**Given information:**

-*-*-

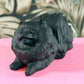Obsidiaan Pomeriaan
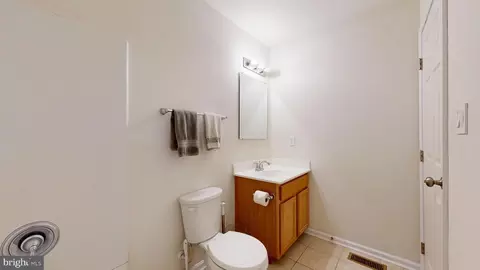 Entry Way - 803 Barcelona St, Townsend, DE 19734 photo 15 of 16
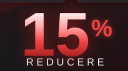 ELITEGAMERS.RO Discord Server Banner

-*-*-

**Exercise aim:**
Please transcribe the material above exactly as written. Leave the pictures out.

**Answer below:**
Obsidiaan Pomeriaan
 Entry Way - 803 Barcelona St, Townsend, DE 19734 photo 15 of 16
 ELITEGAMERS.RO Discord Server Banner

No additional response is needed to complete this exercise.